YOUR INSTRUCTIONS:
With pictures omitted, restate the data word for word.

RECORDED INFORMATION:
<<<<
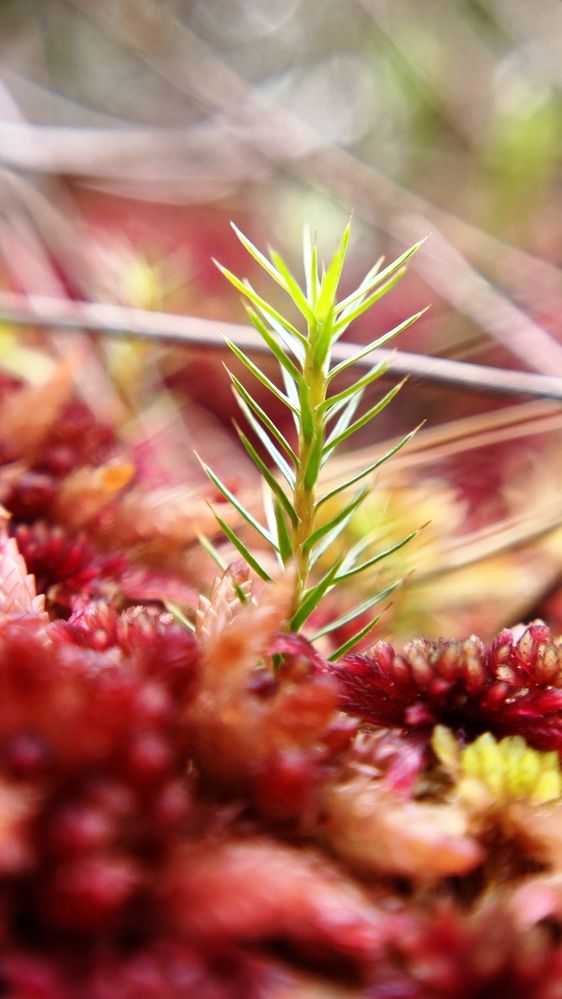 Photograph by Eugenia Blinova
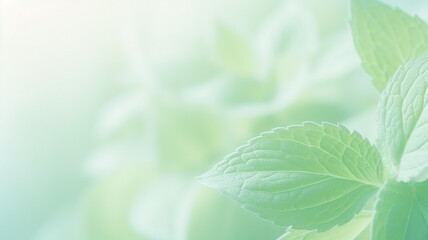 Wall Mural - Mint leaves close-up, delicate green background postcard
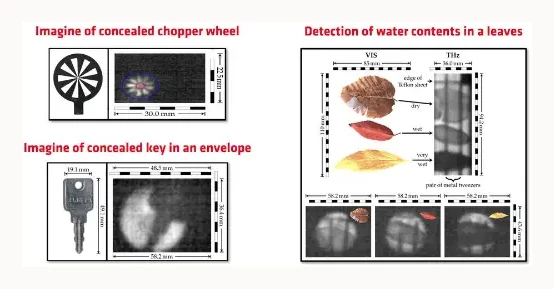 RIGI camera in a laboratory imaging setup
>>>>
ANSWER AREA:
 Photograph by Eugenia Blinova
 Wall Mural - Mint leaves close-up, delicate green background postcard
 RIGI camera in a laboratory imaging setup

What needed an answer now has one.